Choose TPUs for models built on TensorFlow or JAX, batch inference workloads with sizes above 32, and long-running production deployments where committed use discounts reduce costs by 40-60%. The main trade-off is ecosystem compatibility - PyTorch models require conversion to JAX, adding 1-3 days of engineering time and potential compatibility challenges.
Start with TPU v5e for cost-sensitive workloads and scale to v5p when performance demands justify the higher cost. Use spot TPUs (70% discount) for fault-tolerant batch processing and reserved instances for production serving. With proper optimization through model parallelism, batch size tuning, and JIT compilation, TPUs deliver production-grade LLM inference at industry-leading efficiency.

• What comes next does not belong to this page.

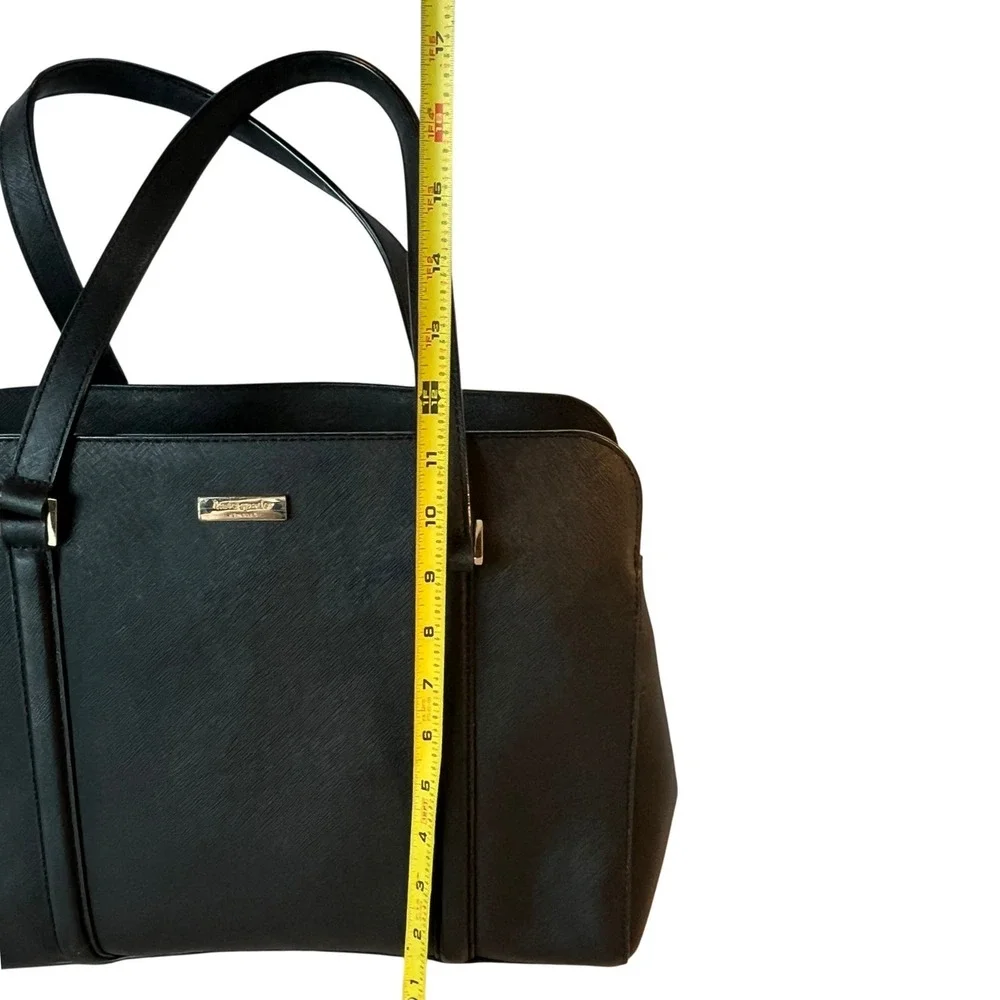 Kate Spade Newbury Lane Briar‎ Tote Black Saffiano Leather Work Bag Large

Frequently Asked Questions
Should I choose TPUs or GPUs for LLM inference?
Choose TPUs for Google-native models (PaLM, Gemini, T5) and batch processing workloads where throughput matters more than latency - TPUs excel at matrix operations and deliver 30-50% better price-performance than GPUs for these use cases. Choose GPUs (A100, H100) for models optimized for CUDA (Llama, Mistral, most HuggingFace models), real-time inference requiring <100ms latency, and when you need ecosystem compatibility with PyTorch/TensorFlow GPU codebases. TPU v5e costs $1.60/hour per chip versus A100 at $2.95/hour on GCP, but GPU ecosystems offer more pre-built inference servers (vLLM, TensorRT-LLM). For production, test both with your specific model and traffic pattern - TPUs sometimes outperform by 2x for transformer workloads but require JAX/TensorFlow expertise.

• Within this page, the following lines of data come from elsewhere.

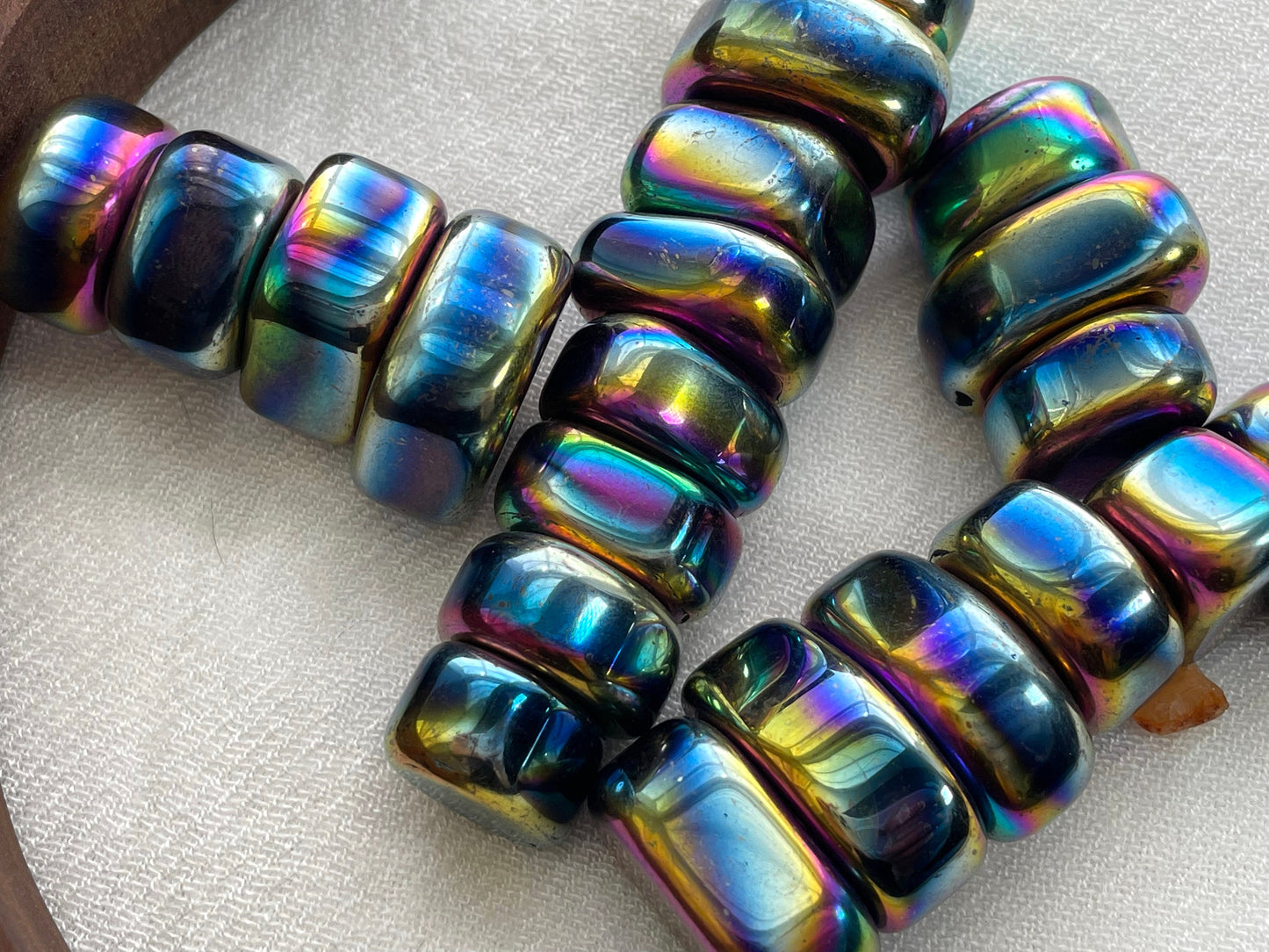 Rainbow Magnetic Hematite (Magnetite). 2 pieces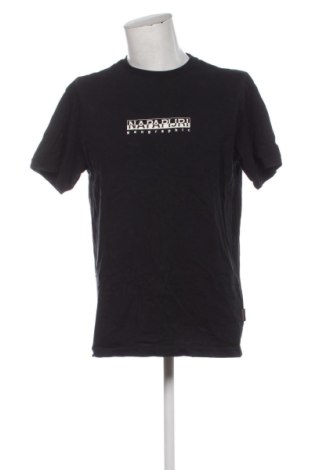 Męski T-shirt Napapijri, Rozmiar L, Kolor Czarny, Cena 112,53 zł, #136452019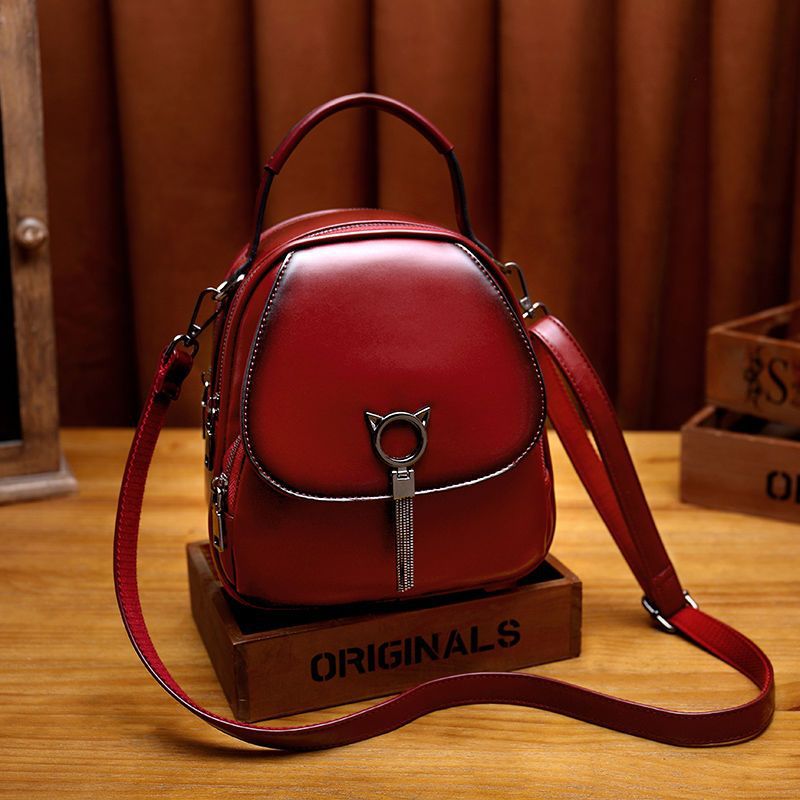 Women's Pretty Small Fashion Soft Leather Backpacks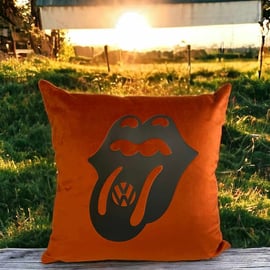 VW Rolling Stones Velvet Cushion x2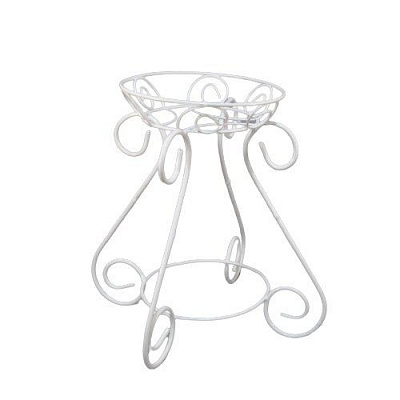 Подставка для растений Одиночная 350 круглый белый 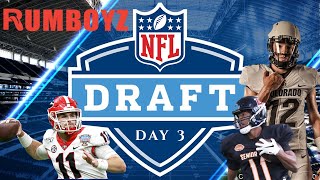 NFL DRAFT LIVE DAY 3!🏈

How does TPU pod scaling work for distributed inference?
TPU pods combine multiple TPU chips into a single high-performance unit connected via ultra-fast interconnects (up to 4800 Gbps). A TPU v5e pod consists of 256 chips organized in 2D or 3D mesh topologies. For LLM inference, tensor parallelism distributes model layers across chips - Gemini 1.5 Pro on a 16-chip pod splits attention heads and FFN layers, enabling 4x higher throughput versus single chip. Scaling from 8 to 16 chips provides 1.8-1.9x throughput gain (not perfect 2x due to communication overhead). Google manages pod orchestration via Vertex AI - you specify chip count and framework handles distribution. For largest models (100B+ parameters), reserve full pods for 3-6 months to ensure availability and get 40% committed use discounts versus on-demand pricing.
Can I run non-Google models like Llama on TPUs?

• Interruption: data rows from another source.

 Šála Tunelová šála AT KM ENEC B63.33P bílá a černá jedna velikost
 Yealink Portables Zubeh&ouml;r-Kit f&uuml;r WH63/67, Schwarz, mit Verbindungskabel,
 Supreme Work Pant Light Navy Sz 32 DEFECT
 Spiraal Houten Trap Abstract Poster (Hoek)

Yes, but with caveats. TPUs require JAX or TensorFlow, while most models train in PyTorch. You must convert PyTorch models to JAX (use tools like torch2jax or transformers-to-jax), which adds complexity and potential bugs. Open-source projects like MaxText provide JAX implementations of popular architectures. Performance varies - Llama 2 on TPU v4 achieves ~70% of A100 throughput due to non-optimal kernel implementations. For production, Google models (T5, Gemini via Vertex AI) run best on TPUs. Third-party models work but require significant engineering effort for conversion, tuning, and validation. Most teams find GPUs more practical for non-Google LLMs unless you have strong JAX expertise or specific price-performance requirements that justify conversion overhead.